Socialistas e conservadores
Apesar de quase nada parecer impossivel na recente política grega, poucos acreditam que Papandreou ainda tenha chances de permanecer no poder. Na última segunda-feira, o premiê provocou uma tensão internacional ao anunciar um referendo para submeter à aprovação popular o pacote europeu de resgate da economia grega – no valor de 130 bilhões de euros.
Sob forte pressão, no entanto, o governo desistiu da consulta na sexta-feira. Com o fiasco da ideia do referendo, Papandreou ficou em uma situação complicada até mesmo dentro de seu partido, o Movimento Socialista Pan-helênico (Pasok).
Opiniões sobre quem deve substituí-lo e como isso será feito ainda são divergentes. Os socialistas são a favor de um governo de unidade, envolvendo todos os partidos políticos – preferencialmente, claro, sob sua regência. O atual ministro grego de Finanças, Evangelos Venizelos, tem demonstrado interesse em assumir o cargo de primeiro-ministro.
Já o partido conservador, de oposição, que vem desempenhando um crescente e importante papel no cenário político atual, quer formar um governo de transição composto por especialistas, a fim de que possam preparar novas eleições em até seis semanas.
Como de costume, Papandreou propôs um meio-termo: um governo de transição, composto por políticos de alta qualificação, capaz de levar ao Parlamento as decisões acordadas na última reunião de cúpula da União Europeia, assim como dar prosseguimento às medidas de austeridade e, por fim, conduzir o país a novas eleições em março do ano que vem.
"As máscaras caíram. Papandreou rejeitou todas as nossas propostas e, portanto, queremos eleições imediatas", afirmou o líder da oposição, Antonis Samaras, após a votação.
Dura escolha
Se a oposição conservadora continuar se recusando a compor qualquer novo governo de unidade nacional, os socialistas ficarão sem escolha e terão que construir uma encolhida coalizão com a direita populista e com os liberais da Aliança Democrática, da antiga ministra do Exterior Dora Bakoyannis – algo visto como uma medida sem sentido.
A oposição de esquerda sinalizou que está particularmente irritada com a votação deste sábado. "Eles querem que declaremos nosso apoio a um governo que nem existe mais", declarou o líder da aliança moderada de esquerda, Alexis Tsipras.

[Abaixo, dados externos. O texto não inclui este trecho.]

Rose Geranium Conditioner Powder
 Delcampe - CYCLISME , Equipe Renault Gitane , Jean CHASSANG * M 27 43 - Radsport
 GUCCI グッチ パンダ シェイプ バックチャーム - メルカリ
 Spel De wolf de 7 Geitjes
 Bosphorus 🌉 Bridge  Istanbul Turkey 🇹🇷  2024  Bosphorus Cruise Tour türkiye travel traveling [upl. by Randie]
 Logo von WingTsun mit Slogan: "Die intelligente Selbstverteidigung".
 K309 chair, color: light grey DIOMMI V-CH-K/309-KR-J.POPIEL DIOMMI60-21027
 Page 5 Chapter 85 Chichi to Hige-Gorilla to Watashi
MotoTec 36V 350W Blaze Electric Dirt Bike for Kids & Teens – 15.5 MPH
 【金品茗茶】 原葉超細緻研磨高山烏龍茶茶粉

Muitos observadores concordam que Tsipras tem certa razão em seu comentário. Outros ainda se perguntam por que Papandreou teria se submetido a um voto de confiança no Parlamento se aparentemente ele não tem intenção de deixar a chefia do governo.
História se repete
Este tipo de tumulto político vem se tornando uma constante entre os socialistas. Tempos atrás, um acordo semelhante salvou os esquerdistas de uma divisão e deu um impulso a Papandreou em direção ao poder. Em 2004, o então primeiro-ministro Costas Simitis, renunciou ao cargo de presidente do partido e o passou a seu então ministro do Exterior, George Papandreou.
Após um intervalo político conservador, o Pasok venceu as eleições parlamentares de 2009 – o que envolveu uma surpreendente ação de Papandreou, que se afastou de seu antigo mentor Simitis e chegou ao cargo de primeiro-ministro.
Naquela época, o pedido em prol de um referendo também motivou um conflito dentro do partido. Pouco antes das eleições europeias em 2009, Papandreou prometeu fazer um referendo pela aprovação do Tratado de Lisboa – contra a vontade de um inflexível Simitis em sua posição pró-Europa.
Caso Simitis venha a assumir novamente o governo grego, ainda que temporariamente, em um governo de transição, por exemplo, seria uma curiosa ironia do destino se Papandreou tiver que dar lugar a seu antecessor.